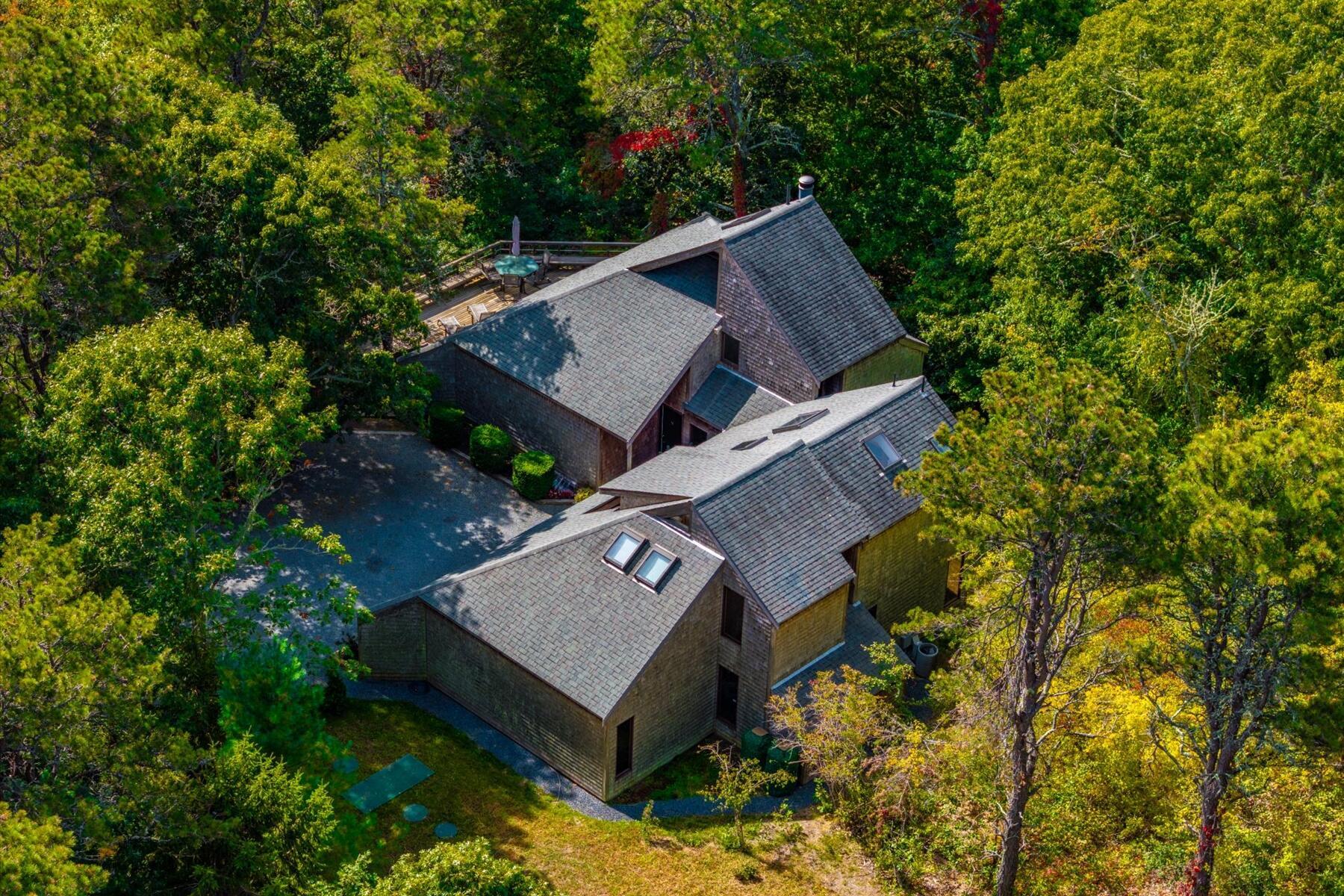 256 Browns Neck Road Wellfleet, MA 02667 - Photo 3 of 66 a view of a small house with a tree in the background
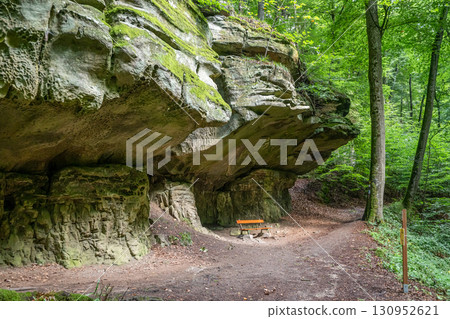 Beautiful green forest Hiking path with Sandstone chalk rock formations in Berdorf Mullerthal Luxembourg 130952621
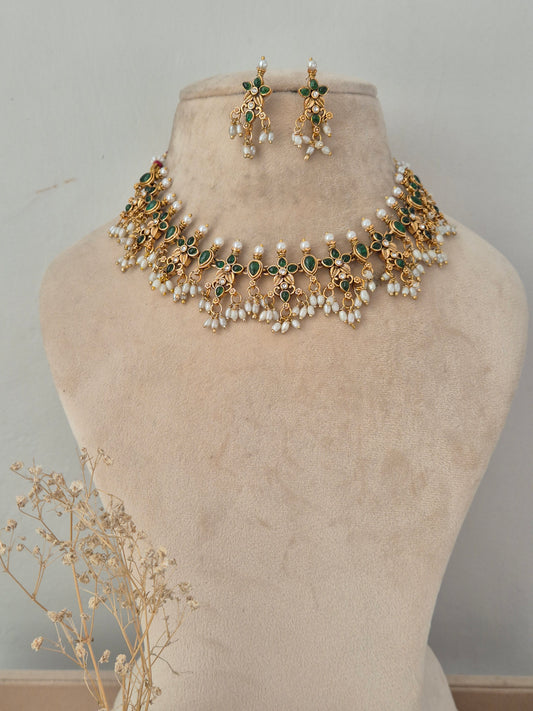 Ladli gold-toned choker necklace set with green stone floral motifs, pearl drops, and matching earrings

*Directions for this task:*
Omit the pictures, then give all the lines above again exactly.

*Completed exercise:*
 256 Browns Neck Road Wellfleet, MA 02667 - Photo 3 of 66 a view of a small house with a tree in the background
 Beautiful green forest Hiking path with Sandstone chalk rock formations in Berdorf Mullerthal Luxembourg 130952621
 Ladli gold-toned choker necklace set with green stone floral motifs, pearl drops, and matching earrings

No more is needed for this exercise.